SAN FRANCISCO -- A new method for layering magnetic components atop CMOS wafers is showing promise for improved power management in life sciences devices, integrated navigation systems and portable consumer electronics.
Enpirion (Hampton, N.J.), which makes integrated power circuits, announced the commercialization of a manufacturing process that layers wafer level magnetics (WLM) as a two-dimensional thin film. Enpiron said the film can be deposited on top of 6 to 8 inch CMOS wafers to increase power performance and device life.
Enpirion's process uses an iron-cobalt alloy (Fe-Co) that the company is branding as FCA (not to be confused with free carrier absorption in silicon or the IEEE's formal concept analysis). This miniaturization of passive magnetic components and their assimilation with ICs at the wafer level can also help shrink CMOS wafers from their 3-D discrete shape to a thinner package, the company claimed in its announcement this week (Nov. 27).
"Increasing the switching frequency allows the use of smaller inductors utilizing electroplated WLM materials that can be post-CMOS processed," Enpirion co-founder Dr. Trifon Liakopoulos said in a statement.
The high magnetic saturation of the Fe-Co alloy makes it a good fit for use in single or multiple layers in power circuits. This would make it compatible with flip chip, wire bonding and solder re-flow packaging methods. Enpirion said its alloy maintains high resistivity, low coercivity and maintains high effective permeability at frequencies higher than 20 MHz. Using the 2-D alloy allows for signal isolation, micro-electromagnets for life sciences, integrated magnetic sensors for navigation and power management circuits for portable consumer devices.
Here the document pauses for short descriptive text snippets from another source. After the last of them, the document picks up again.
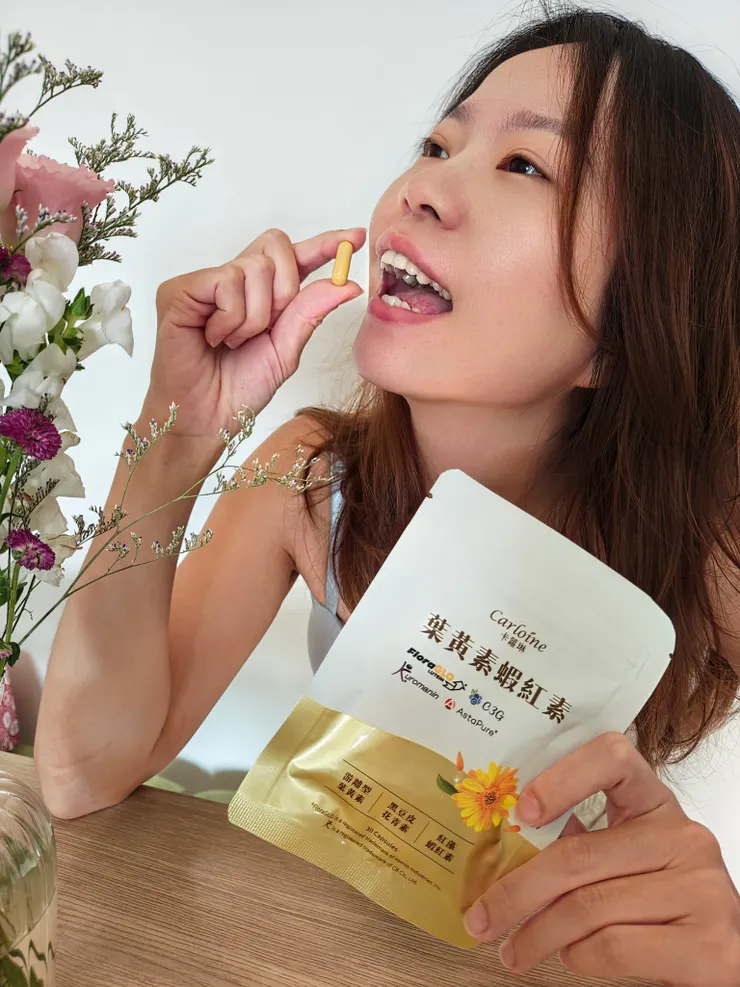 卡蘿琳葉黃素蝦紅素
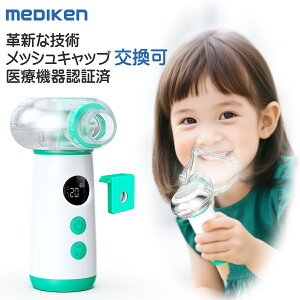 ubVvluCU[ z mediken luCU[ z g luCU[ t XĂg g z b q bV |[^u luCU b ̂ É y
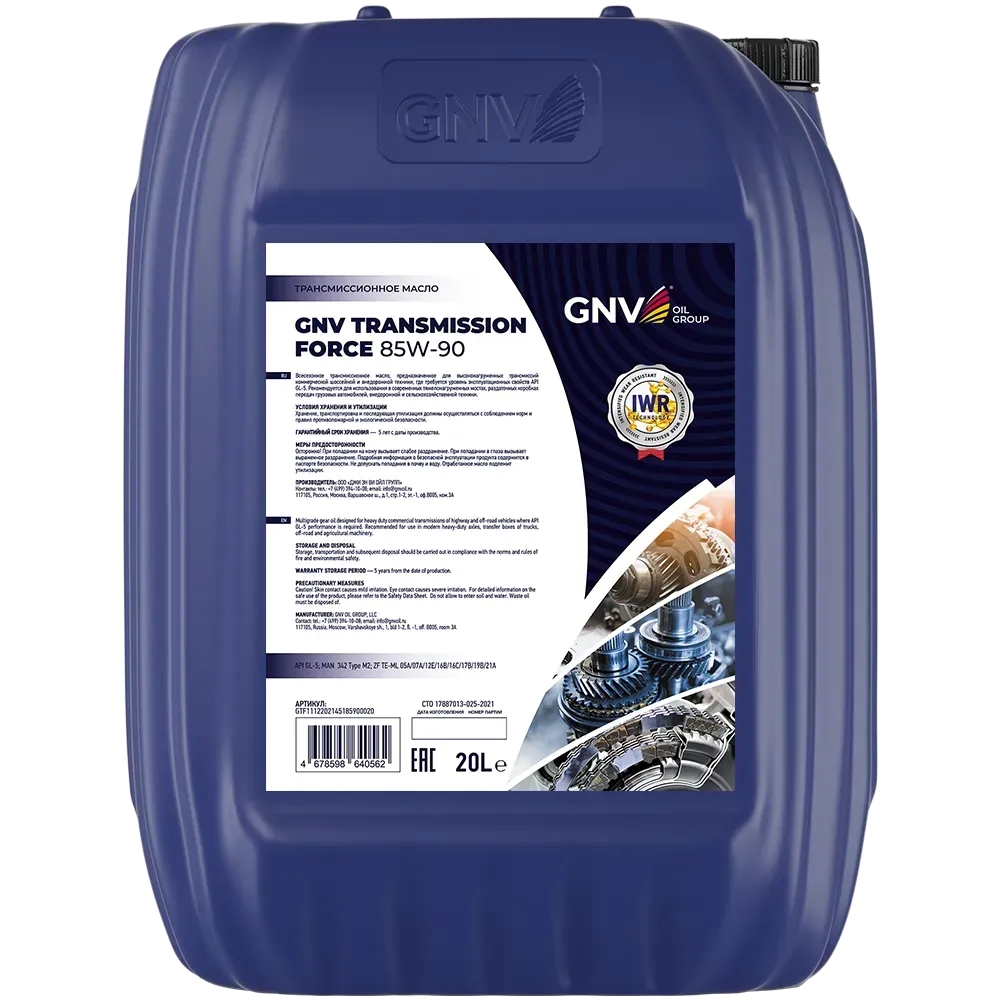 GNV Transmission Force 85W-90 (20 л) Трансмиссионное масло - Автомобильные жидкости. Розница и оптом, масла и антифризы - KarPar Артикул: GTF1112202145185900020. PATRIOT.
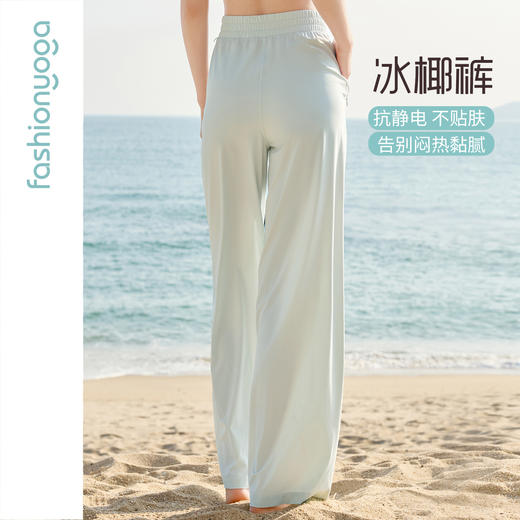 F15916轻薄凉感休闲长裤 商品图1
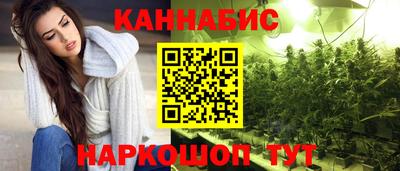 бутират Нальчик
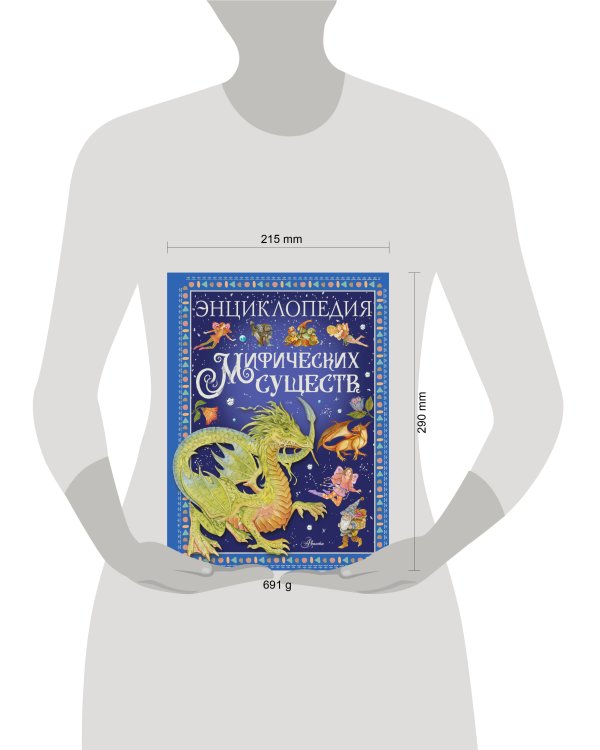 Энциклопедия мифических существ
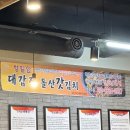 24시대감집 해장국 이미지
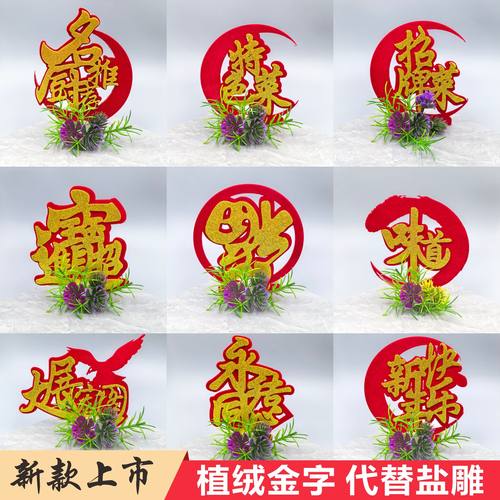 植绒金字喜字装饰盘饰婚宴酒席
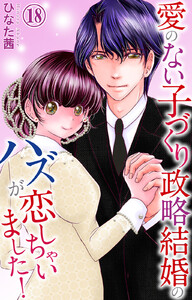 愛のない子づくり政略結婚のハズが恋しちゃいました! (18) 電子書籍版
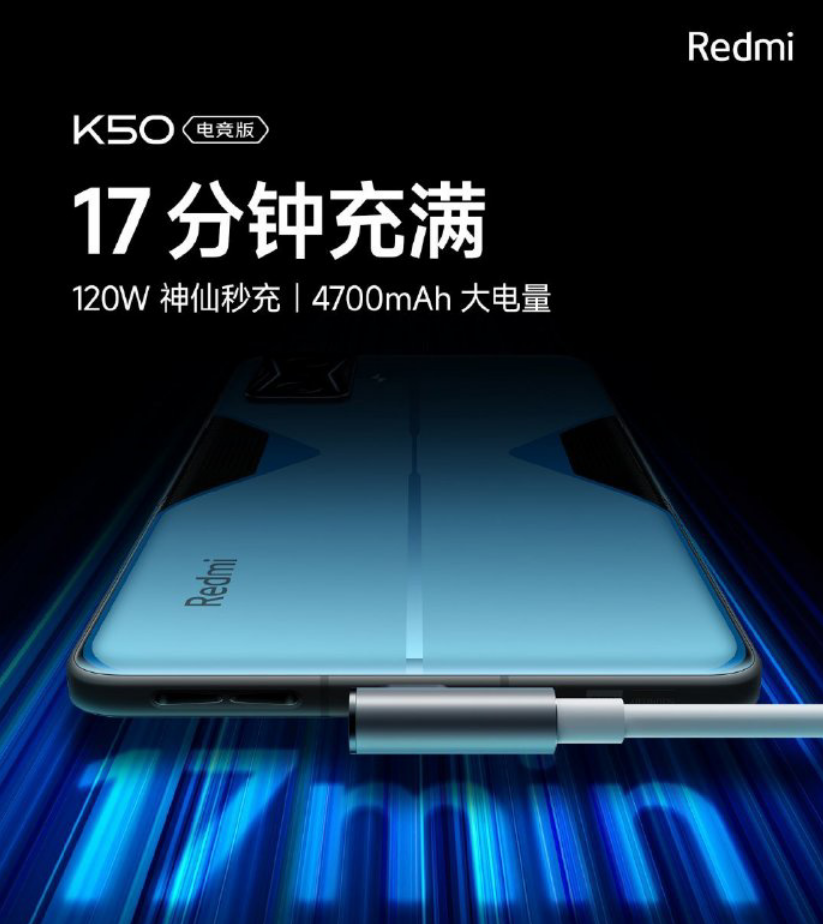 曝小米新手機(jī)正在測(cè)試，搭載 150W 級(jí)超百瓦大電池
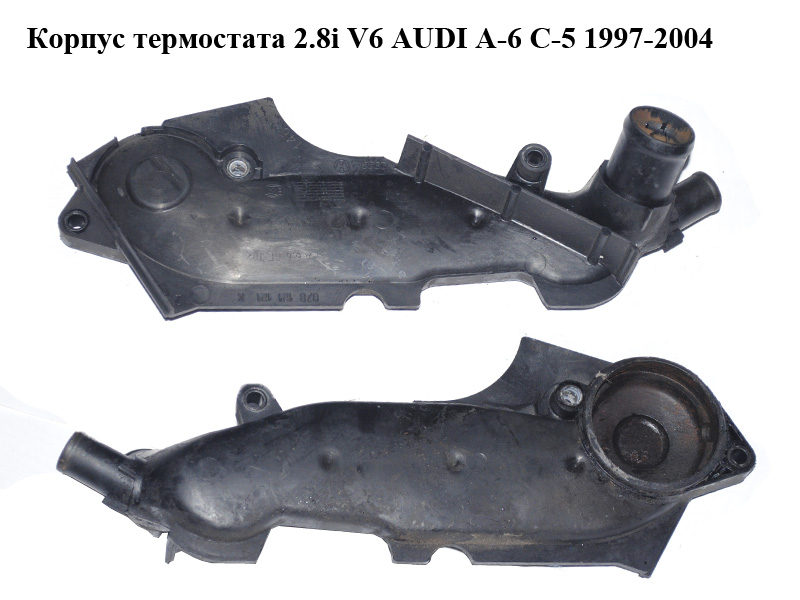 Корпус термостата 2.8i V6 AUDI A-6 C-5 1997-2004 ( АУДИ А6 ) (078121121K)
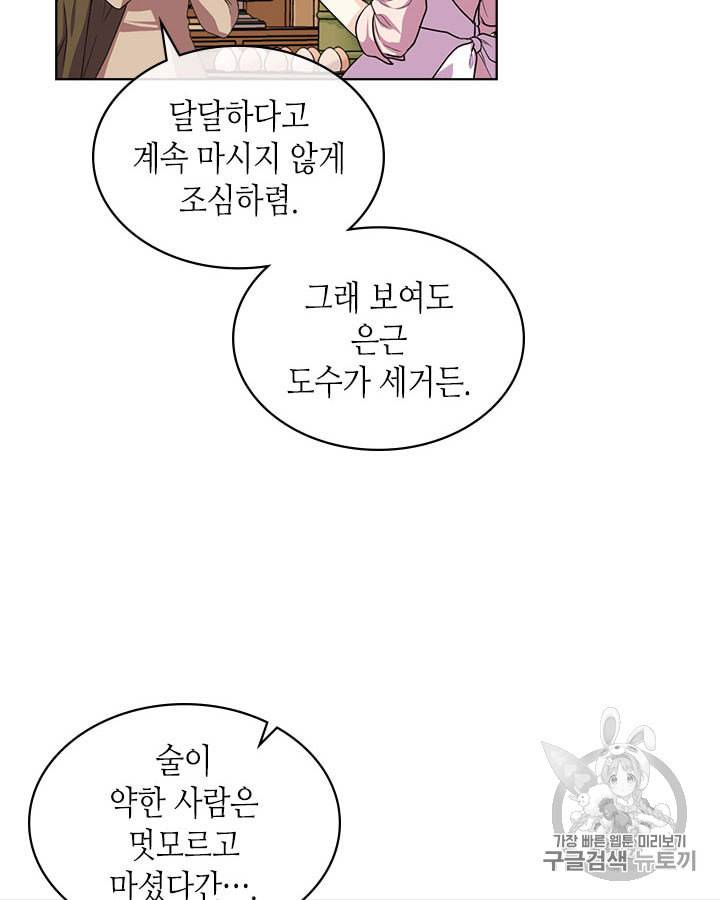 악역이 베푸는 미덕 41화 4
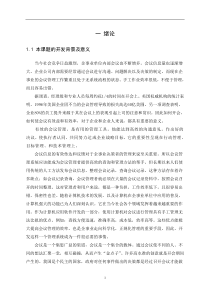 基于JSP会议管理系统毕业设计(含源文件)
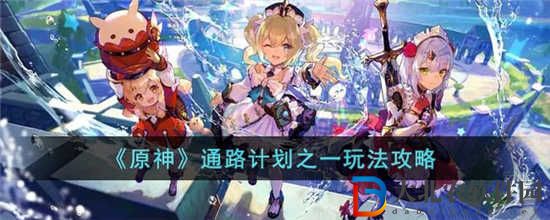 原神通路計劃第一關怎么過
Enpirion’s wafer level magnetics inductor with 4 µm FCA thick core
(FCA core is 100 times thinner than discrete inductor core)
Previous work has been done on processing Fe-Co alloys for computation, most notably by S. Lesz at the Silesian University of Technology in Poland. Wafer-level assembly using global magnetic lifting and localized induction welding has been broadly used in the industry since 2005 as a paper published by researchers at Tsinghua University in Taiwan illustrates.